「物件を貸している相手が、勝手にその物件を第三者に売ってた」。

2022年8月、不動産投資家の彦坂真介さんが、自身のTwitterにこんな投稿を残している。

彦坂さんが遭遇したのは、いわゆる「地面師」。所有者になりすまし、他人の物件を売って代金を詐取する人物だ。2017年に大手住宅メーカーが約55億円を騙し取られた事件を覚えている人も多いだろう。

彦坂さんは今回、ロレンソ河合(仮名)と名乗るブラジル人地面師に、保有物件を売られたという。河合は現在詐欺容疑で逮捕されている。愛知県と静岡県で戸建16戸を自主管理し、アパート2棟も運営している彦坂さん。不動産投資歴は4年になるが、このようなことは「初めての経験」だと語る。

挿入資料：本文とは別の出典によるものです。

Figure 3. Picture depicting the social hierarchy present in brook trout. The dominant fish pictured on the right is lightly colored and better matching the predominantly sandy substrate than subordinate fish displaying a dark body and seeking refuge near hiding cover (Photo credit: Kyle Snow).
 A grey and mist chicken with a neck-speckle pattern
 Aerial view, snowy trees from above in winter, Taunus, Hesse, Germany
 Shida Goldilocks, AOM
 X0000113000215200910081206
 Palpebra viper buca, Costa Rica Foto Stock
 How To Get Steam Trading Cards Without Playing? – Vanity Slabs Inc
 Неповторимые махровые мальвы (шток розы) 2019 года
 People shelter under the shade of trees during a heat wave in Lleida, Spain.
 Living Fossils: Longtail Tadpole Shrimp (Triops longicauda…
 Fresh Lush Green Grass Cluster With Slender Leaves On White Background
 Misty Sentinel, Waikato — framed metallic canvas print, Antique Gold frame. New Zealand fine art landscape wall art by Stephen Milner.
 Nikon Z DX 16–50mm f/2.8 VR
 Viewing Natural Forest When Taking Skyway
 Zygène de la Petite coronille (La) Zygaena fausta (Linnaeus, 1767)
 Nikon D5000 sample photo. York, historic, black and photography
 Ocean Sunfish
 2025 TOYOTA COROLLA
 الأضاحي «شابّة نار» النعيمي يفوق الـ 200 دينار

今回は彦坂さんに、河合の手口や事件が明らかになった経緯、事件に使われた所有物件の状況などについて取材。また、河合から物件を買ってしまったと話すブラジル人や、河合に物件購入を持ちかけられたというコラムニストの「大津社長」さんにも話を聞く。法的な観点からは、不動産トラブルに詳しい阿部栄一郎弁護士に見解を聞いた。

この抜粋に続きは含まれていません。